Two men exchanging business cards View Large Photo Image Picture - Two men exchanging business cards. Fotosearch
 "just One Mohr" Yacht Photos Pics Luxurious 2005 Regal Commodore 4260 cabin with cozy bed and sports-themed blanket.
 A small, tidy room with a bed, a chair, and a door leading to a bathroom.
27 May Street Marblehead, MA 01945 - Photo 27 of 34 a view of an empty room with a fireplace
...
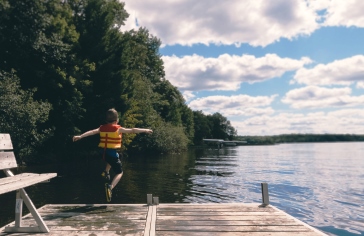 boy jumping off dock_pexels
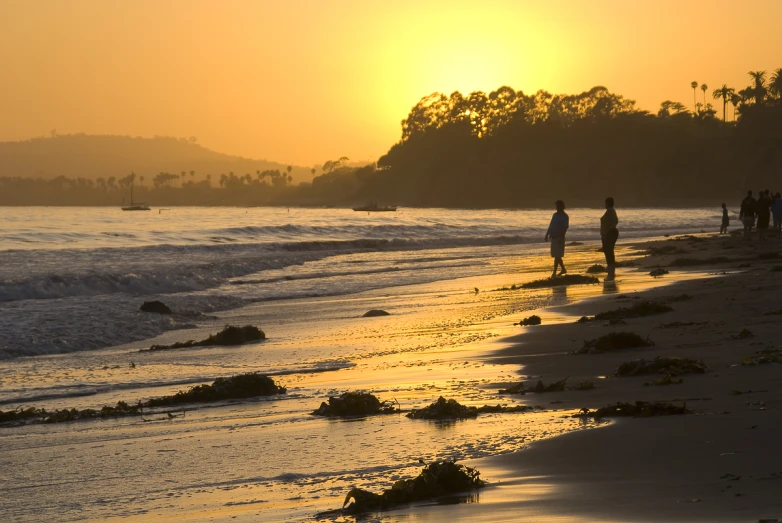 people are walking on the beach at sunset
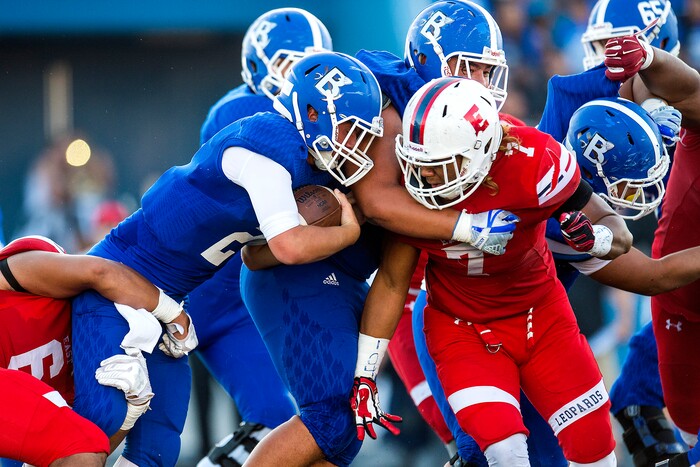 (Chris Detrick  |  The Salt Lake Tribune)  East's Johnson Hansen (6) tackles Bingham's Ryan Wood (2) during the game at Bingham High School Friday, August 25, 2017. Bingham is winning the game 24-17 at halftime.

WHAT TO WORK ON →
Search the entries for the word "with", then gather every line that has it.

WRITTEN ANSWER →
 "just One Mohr" Yacht Photos Pics Luxurious 2005 Regal Commodore 4260 cabin with cozy bed and sports-themed blanket.
 A small, tidy room with a bed, a chair, and a door leading to a bathroom.
27 May Street Marblehead, MA 01945 - Photo 27 of 34 a view of an empty room with a fireplace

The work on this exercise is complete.